> [WHAT THE TASK ASKS]
The required answer is the data below, restated word for word with images omitted.

> [EXTRACTED MATERIAL]

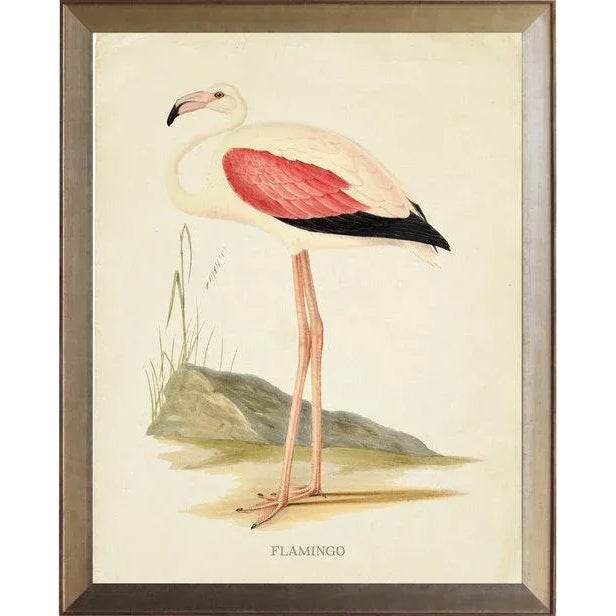 Illustration Pink Wing Flamingo in Distressed Metallic Frame 17x21 For Sale - Image 3 of 3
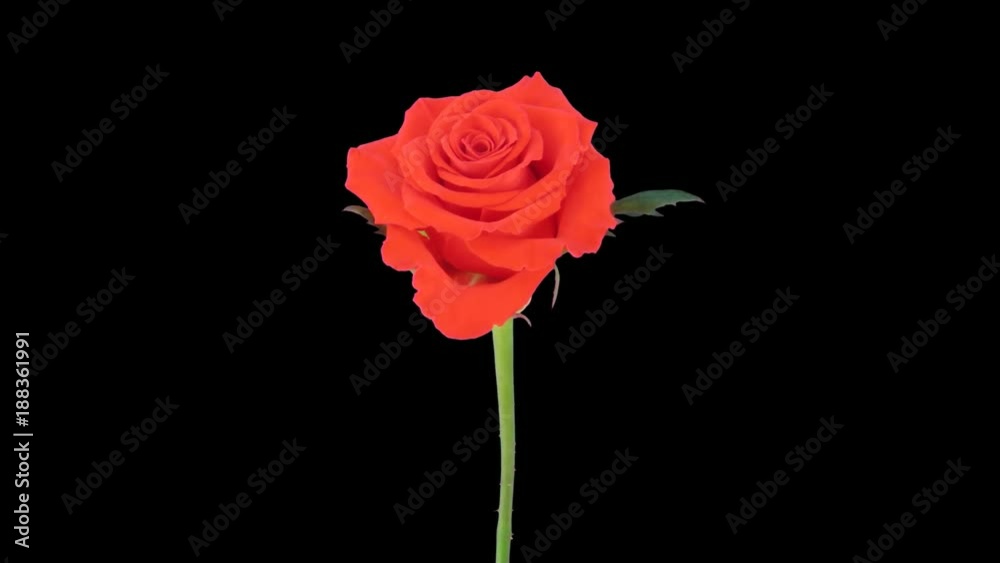 Time-lapse of opening red Mercedes rose 1x5 in RGB + ALPHA matte format isolated on black background
Time-lapse of opening red Mercedes rose 1x5 in RGB + ALPHA matte format isolated on black background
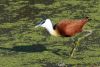 Jacana, Parc Kruger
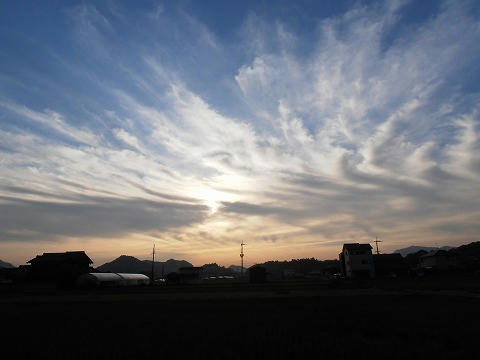 PA200001.jpg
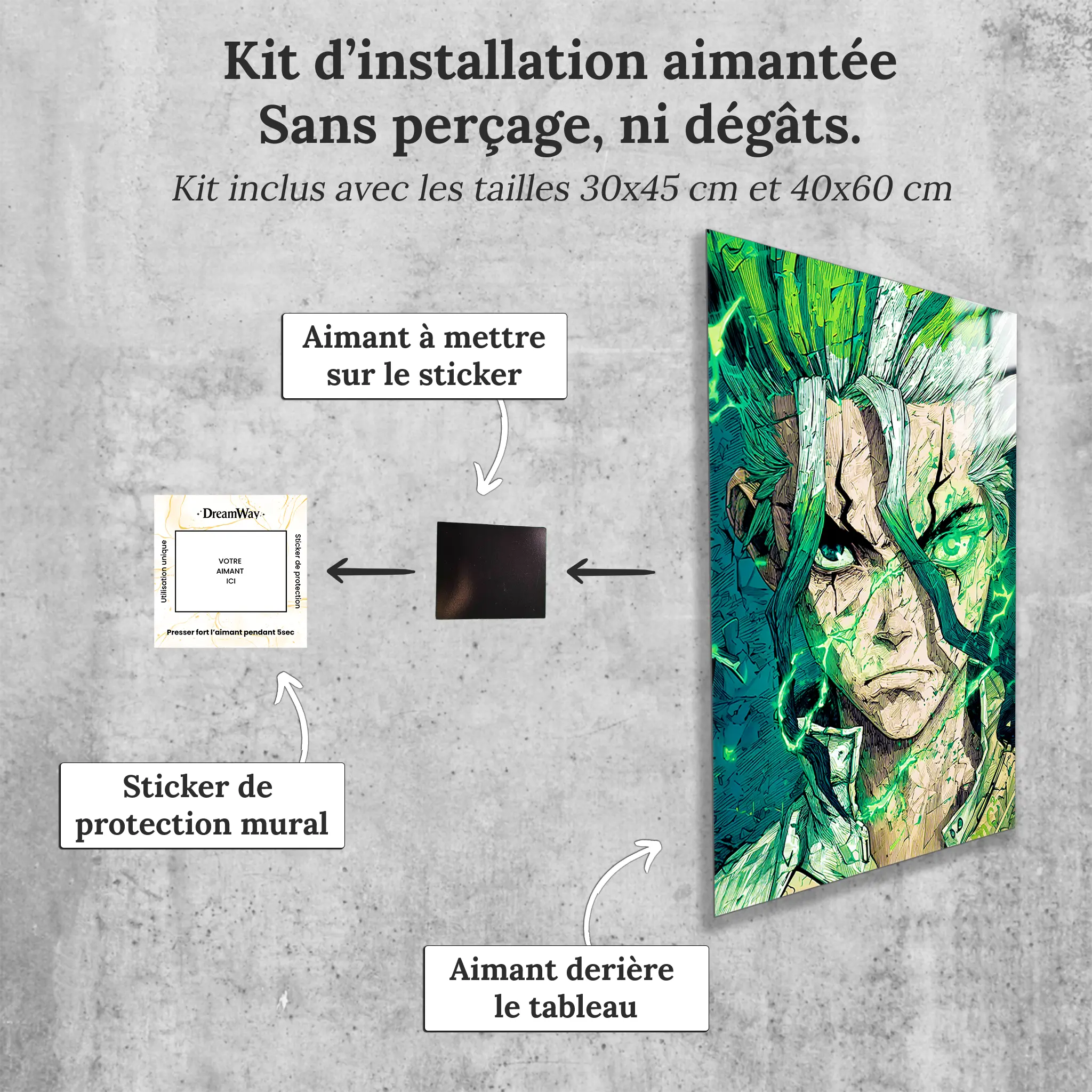 tableau-senku-Dr-Stone-avec-installation-aimantee | DreamWay
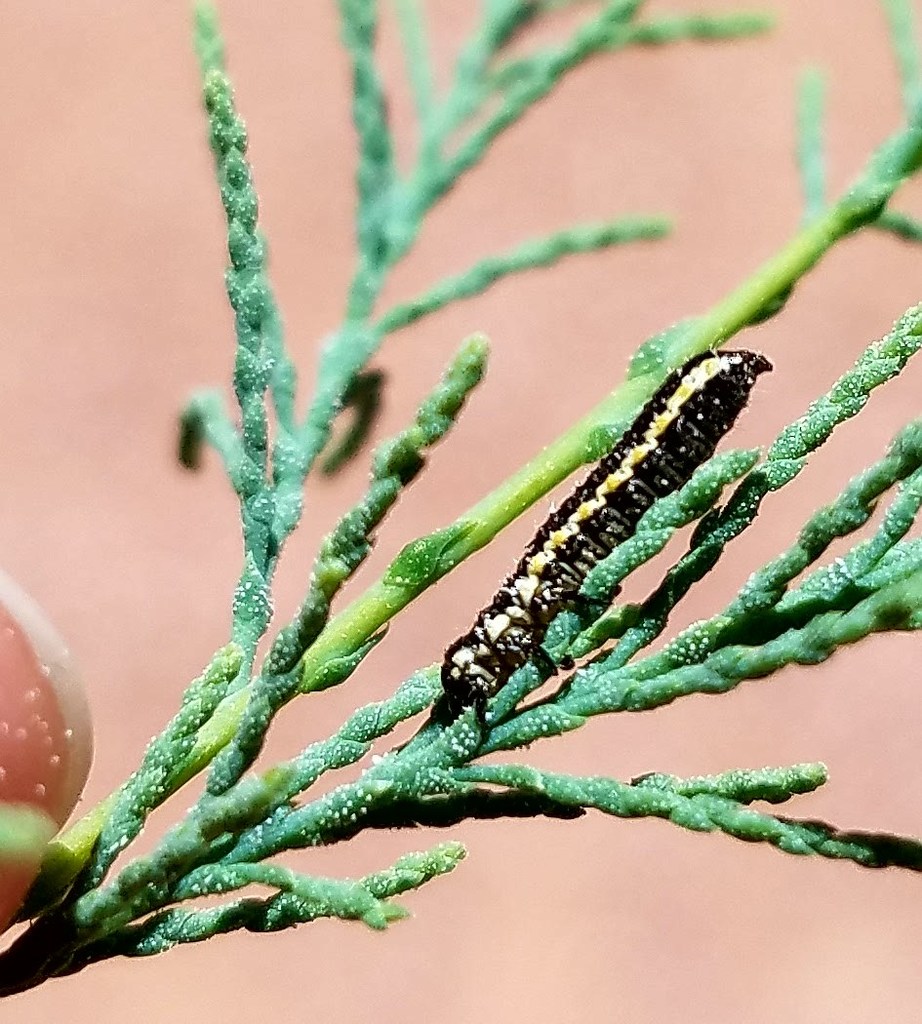 Northern Tamarisk Beetle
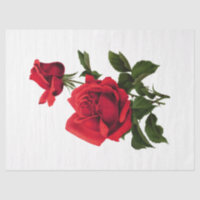 Vintage Rose Series Design 115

> [ANSWER BOX]
 Illustration Pink Wing Flamingo in Distressed Metallic Frame 17x21 For Sale - Image 3 of 3
 Time-lapse of opening red Mercedes rose 1x5 in RGB + ALPHA matte format isolated on black background
Time-lapse of opening red Mercedes rose 1x5 in RGB + ALPHA matte format isolated on black background
 Jacana, Parc Kruger
 PA200001.jpg
 tableau-senku-Dr-Stone-avec-installation-aimantee | DreamWay
 Northern Tamarisk Beetle
 Vintage Rose Series Design 115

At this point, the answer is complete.